Collagen is the major component of the dermis, and H. ducreyi binds to type I and III collagen in vitro (5). In the present study, we showed that H. ducreyi colocalized with type I collagen in vivo. This interaction was seen as early as 2 days postinoculation and persisted at the pustular stage of disease. H. ducreyi did not bind, however, to fibronectin or laminin, which the organism binds to in vitro (5). These data demonstrate that binding to collagen but not fibronectin or laminin is a biologically relevant phenotype. Type I collagen is the dominant collagen form in normal skin. During cutaneous wound healing, collagen bundles are degraded by matrix metalloproteases, and new collagen is produced by fibroblasts (16, 24). The first collagen type laid down is type III, which is gradually replaced by type I collagen. These collagen types may be important targets of adherence for H. ducreyi. The organism's adherence to collagen but not keratinocytes in vivo may explain the need to abrade the skin in order for infection to occur.

From these results, we propose the following model of H. ducreyi pathogenesis. H. ducreyi shed from an infected site enters the skin through microabrasions that expose a collagen-rich dermis, which the organism may use for initial adherence and colonization. Bacterial components such as lipooligosaccharide and lipoproteins stimulate the innate immune system to recruit phagocytes and promote T-cell homing.
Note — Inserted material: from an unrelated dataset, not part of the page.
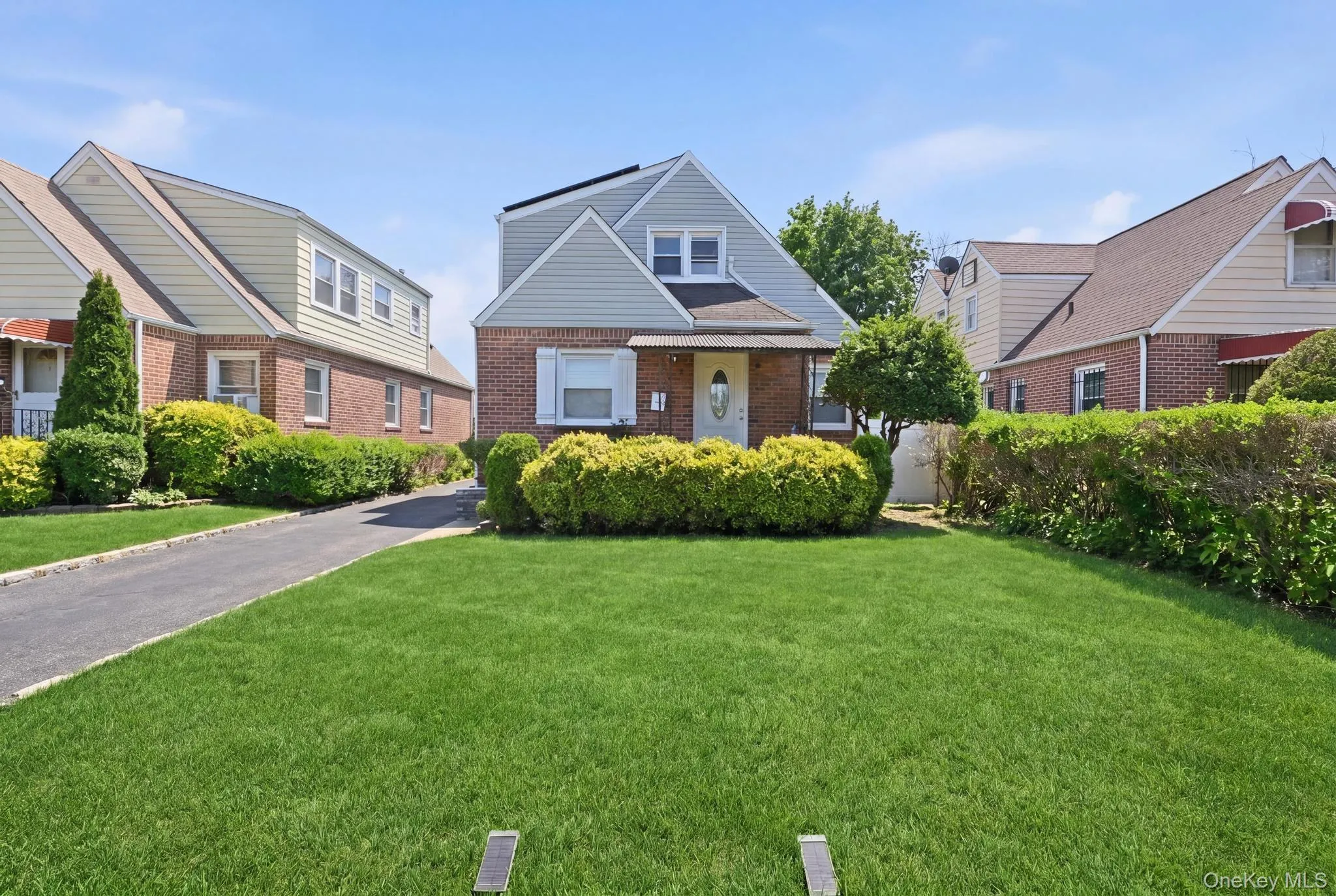 22754 113th Drive, New York, NY, 5 Bedrooms Bedrooms, 8 Rooms Rooms,3 BathroomsBathrooms,Residential Sale,For Rent,113th,0,993019 22754 113th Drive, New York, NY, 5 Bedrooms Bedrooms, 8 Rooms Rooms,3 BathroomsBathrooms,Residential Sale,For Rent,113th,0,993019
Simultaneously, the process of normal cutaneous wound healing begins. Both processes involve expression of cytokines and chemoattractants by resident cells, including keratinocytes and fibroblasts. PMNs and macrophages are recruited to clear infection and cell debris from the wound. Existing ECM is degraded to allow migration of infiltrating cells through the dermis, while activated fibroblasts produce new collagen and fibrin that serve as a matrix for the migrating cells. A fibrin clot filled with phagocytes forms at the epidermal level. In the absence of infection, keratinocytes would migrate to close the wound and the fibrin clot would be sloughed. However, H. ducreyi persist at the base of the wound, and this continued bacterial presence stalls the wound-healing process at the inflammatory phase. Thus, the chancroidal lesion could be seen to represent the failure of a wound to heal because infection could not be cleared.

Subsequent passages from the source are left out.